* **Action item**
Reproduce, without any change, the span of lines from the opening of the records below to the line containing "Vista 2 de uxcell", inclusive.

Short text fragments from websites:
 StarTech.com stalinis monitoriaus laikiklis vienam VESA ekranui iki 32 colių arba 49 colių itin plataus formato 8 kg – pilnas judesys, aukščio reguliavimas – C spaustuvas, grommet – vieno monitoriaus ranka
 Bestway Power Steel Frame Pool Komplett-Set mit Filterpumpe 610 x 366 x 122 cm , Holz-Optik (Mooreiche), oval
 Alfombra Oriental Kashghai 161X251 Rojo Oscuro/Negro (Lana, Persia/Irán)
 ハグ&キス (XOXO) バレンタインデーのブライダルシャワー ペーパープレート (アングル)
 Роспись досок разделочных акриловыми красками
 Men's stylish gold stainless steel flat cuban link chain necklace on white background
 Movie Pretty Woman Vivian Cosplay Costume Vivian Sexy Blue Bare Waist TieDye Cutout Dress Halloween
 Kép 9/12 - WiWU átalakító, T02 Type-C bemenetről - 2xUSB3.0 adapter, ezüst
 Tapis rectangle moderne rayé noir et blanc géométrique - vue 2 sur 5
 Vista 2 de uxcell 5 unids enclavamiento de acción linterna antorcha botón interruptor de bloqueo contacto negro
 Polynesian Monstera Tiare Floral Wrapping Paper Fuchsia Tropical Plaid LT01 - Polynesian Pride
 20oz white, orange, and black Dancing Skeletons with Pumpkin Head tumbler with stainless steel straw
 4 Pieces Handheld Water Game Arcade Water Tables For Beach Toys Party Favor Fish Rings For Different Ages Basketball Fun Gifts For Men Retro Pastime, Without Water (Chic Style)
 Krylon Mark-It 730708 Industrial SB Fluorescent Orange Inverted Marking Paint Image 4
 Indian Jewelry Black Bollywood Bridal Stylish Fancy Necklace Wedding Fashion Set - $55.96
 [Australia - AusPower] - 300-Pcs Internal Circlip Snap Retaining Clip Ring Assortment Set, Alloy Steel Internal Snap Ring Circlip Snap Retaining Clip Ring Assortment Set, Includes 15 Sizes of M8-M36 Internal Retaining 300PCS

* **Task answer**
 StarTech.com stalinis monitoriaus laikiklis vienam VESA ekranui iki 32 colių arba 49 colių itin plataus formato 8 kg – pilnas judesys, aukščio reguliavimas – C spaustuvas, grommet – vieno monitoriaus ranka
 Bestway Power Steel Frame Pool Komplett-Set mit Filterpumpe 610 x 366 x 122 cm , Holz-Optik (Mooreiche), oval
 Alfombra Oriental Kashghai 161X251 Rojo Oscuro/Negro (Lana, Persia/Irán)
 ハグ&キス (XOXO) バレンタインデーのブライダルシャワー ペーパープレート (アングル)
 Роспись досок разделочных акриловыми красками
 Men's stylish gold stainless steel flat cuban link chain necklace on white background
 Movie Pretty Woman Vivian Cosplay Costume Vivian Sexy Blue Bare Waist TieDye Cutout Dress Halloween
 Kép 9/12 - WiWU átalakító, T02 Type-C bemenetről - 2xUSB3.0 adapter, ezüst
 Tapis rectangle moderne rayé noir et blanc géométrique - vue 2 sur 5
 Vista 2 de uxcell 5 unids enclavamiento de acción linterna antorcha botón interruptor de bloqueo contacto negro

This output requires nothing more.